Starting at the line containing "Smeltzingende zoete aardappelen" and ending at the line containing "CLP Barhocker Camden", transcribe the listing below exactly. Keep both end lines, skip the pictures, and copy nothing else.

Material provided =>
───
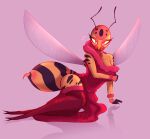  2022 antennae_(anatomy) anthro arthropod arthropod_abdomen bedroom_eyes breasts cleavage clothed clothing female full-length_portrait german_wasp hi_res hymenopteran insect insect_wings lingerie looking_at_viewer narrowed_eyes non-mammal_breasts off_shoulder pinup portrait pose reclining seductive solo spicy_triangles spread_wings stinger velvet_(opalniko) vespid wasp wings yellowjacket_(wasp) 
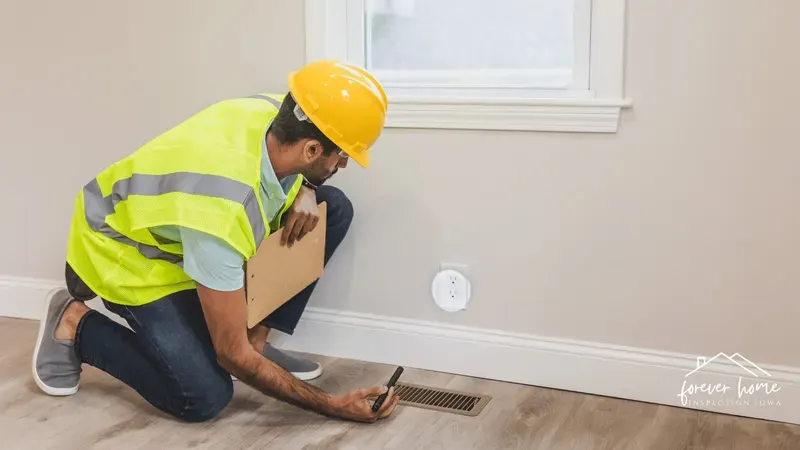 Inspector in a hard hat and safety vest kneeling to check a floor vent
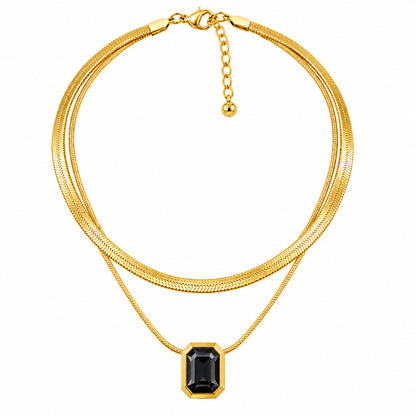 Dual Layer Cube Stone Rectangular Pendant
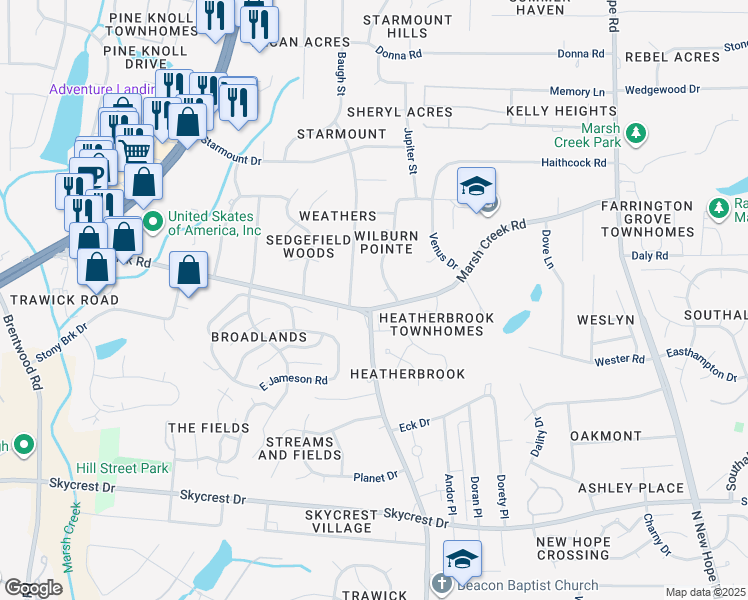 map of restaurants, bars, coffee shops, grocery stores, and more near 3500 Milky Way in Raleigh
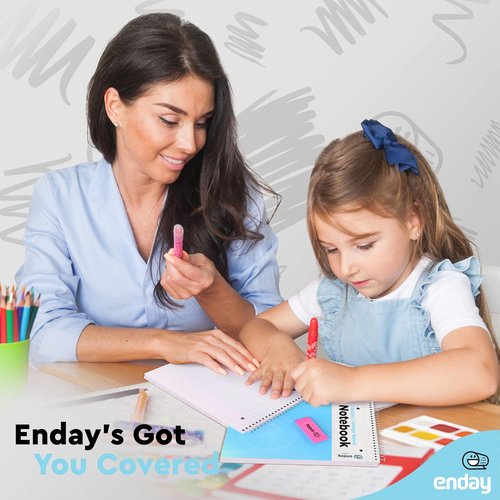 Enday College Ruled Notebook - 1 Subject Hardcover Spiral Bound | 100 Sheets, Blue & Purple (2 Pack)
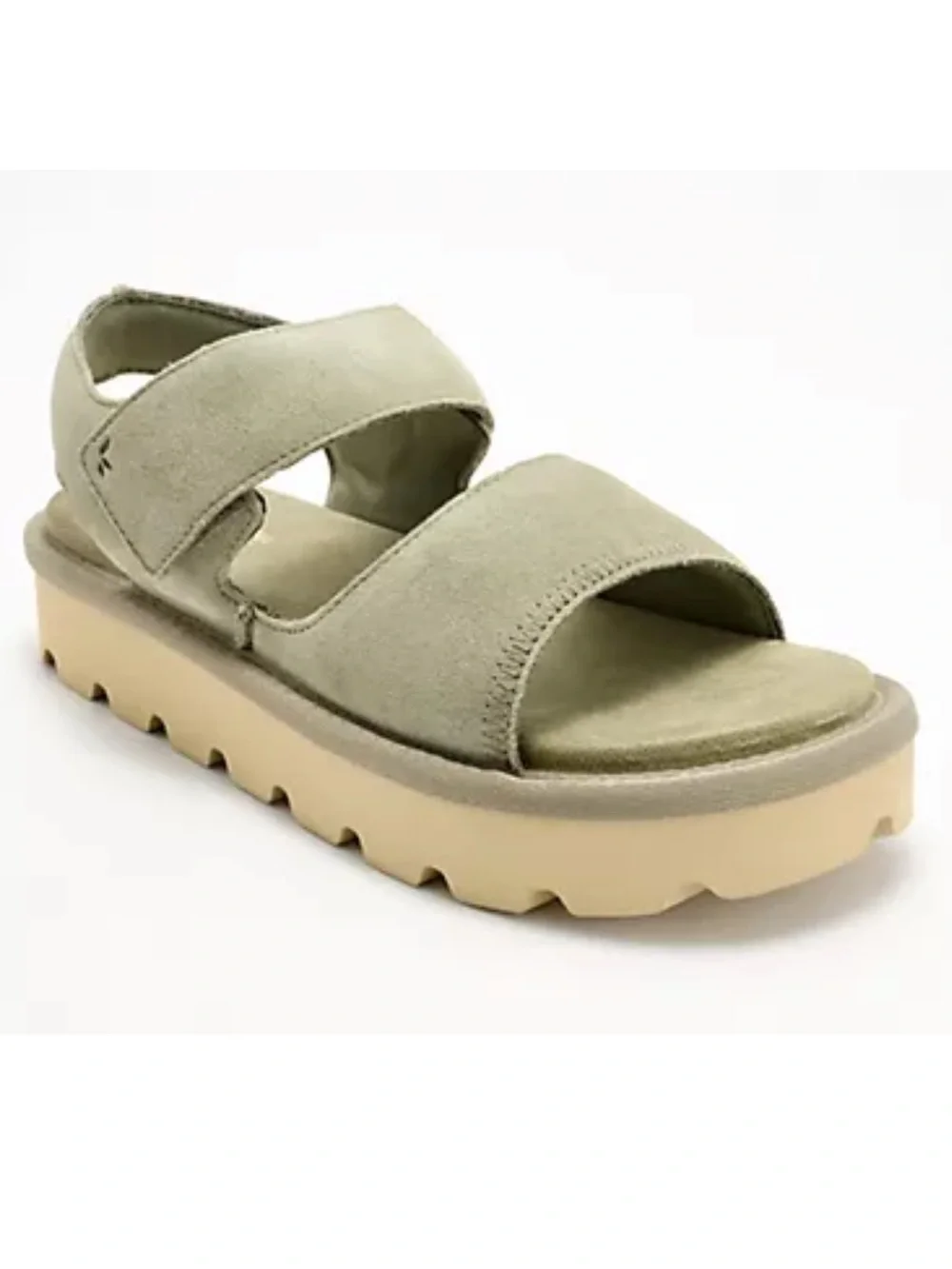 Koolaburra by UGG Tizz Suede Platform Chunky Sandals Limewash Green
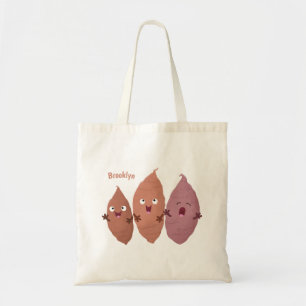 Smeltzingende zoete aardappelen cartoon-groenten tote bag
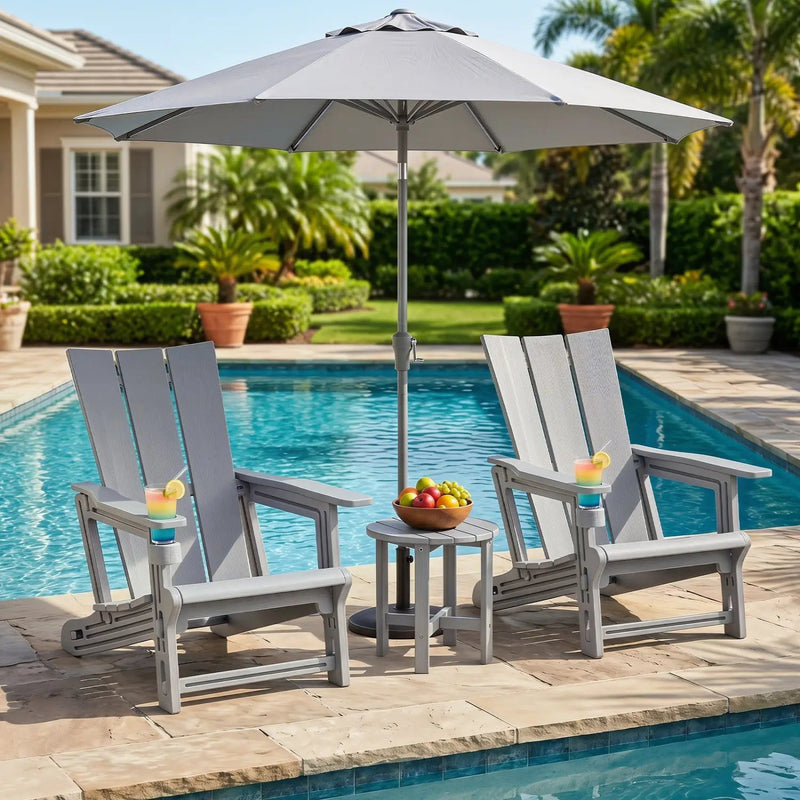 Adirondack Chair with Cup Holder - HDPE Outdoor Seating by DirectDeals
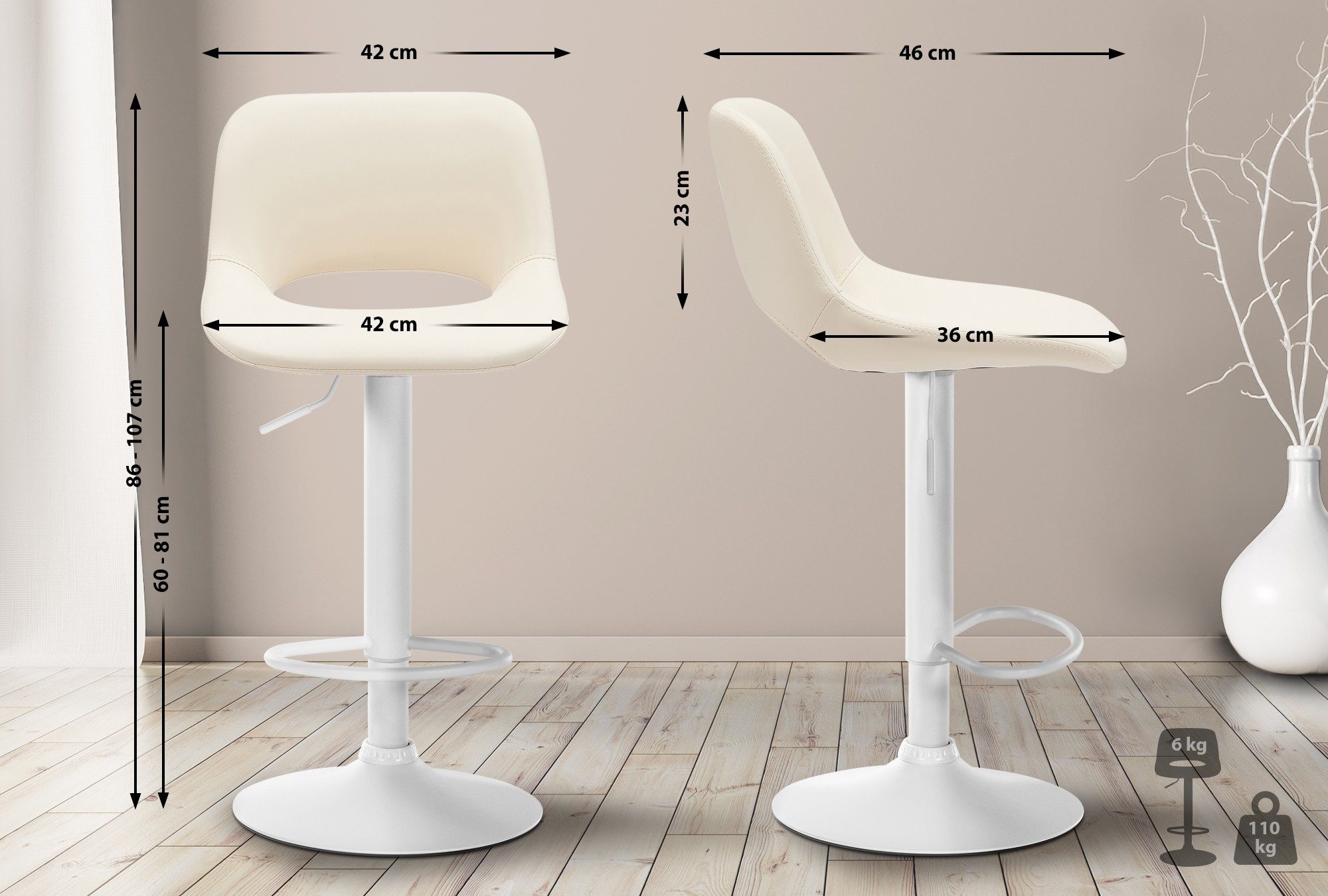 CLP Barhocker Camden (2er Set, 2 günstig online kaufen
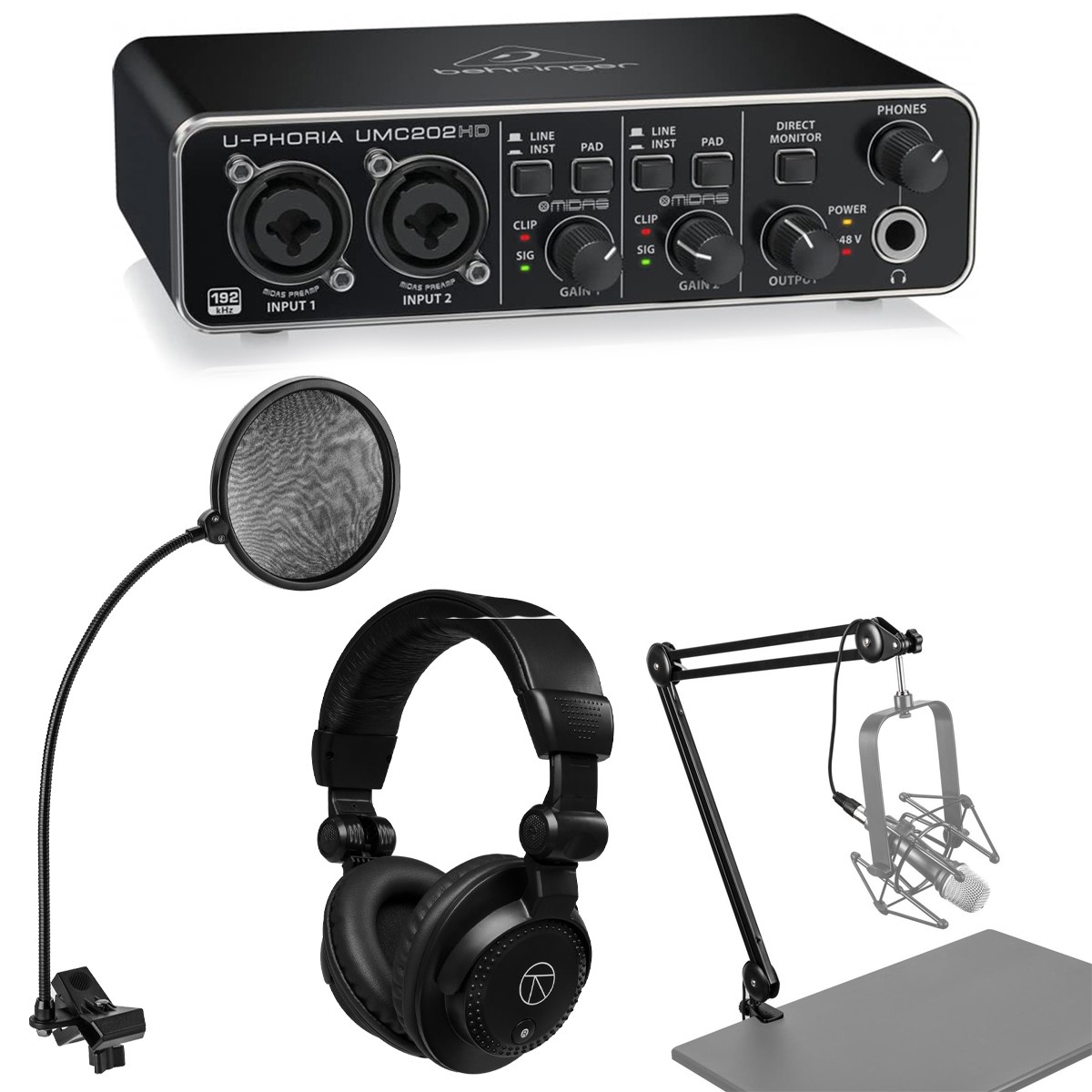 Behringer Behringer U-Phoria UMC202HD USB Audio Interface, Bundle with, Broadcas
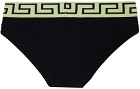 Versace Underwear Black & Green Greca Border Briefs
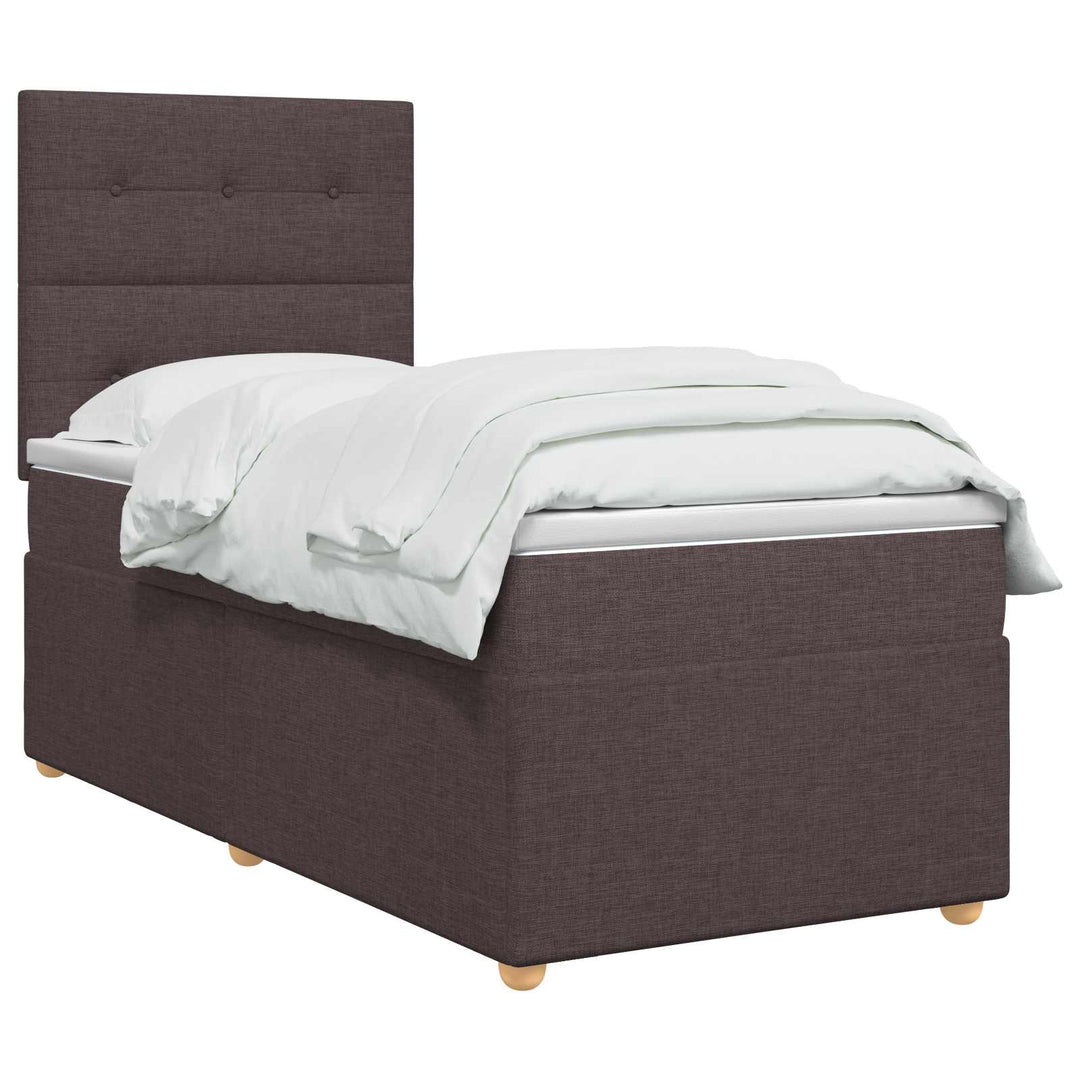 Boxmadras med topmadras Mørk Brun 80 x 200 cm Stof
───
Written answer =>
 Smeltzingende zoete aardappelen cartoon-groenten tote bag
 Adirondack Chair with Cup Holder - HDPE Outdoor Seating by DirectDeals
 CLP Barhocker Camden (2er Set, 2 günstig online kaufen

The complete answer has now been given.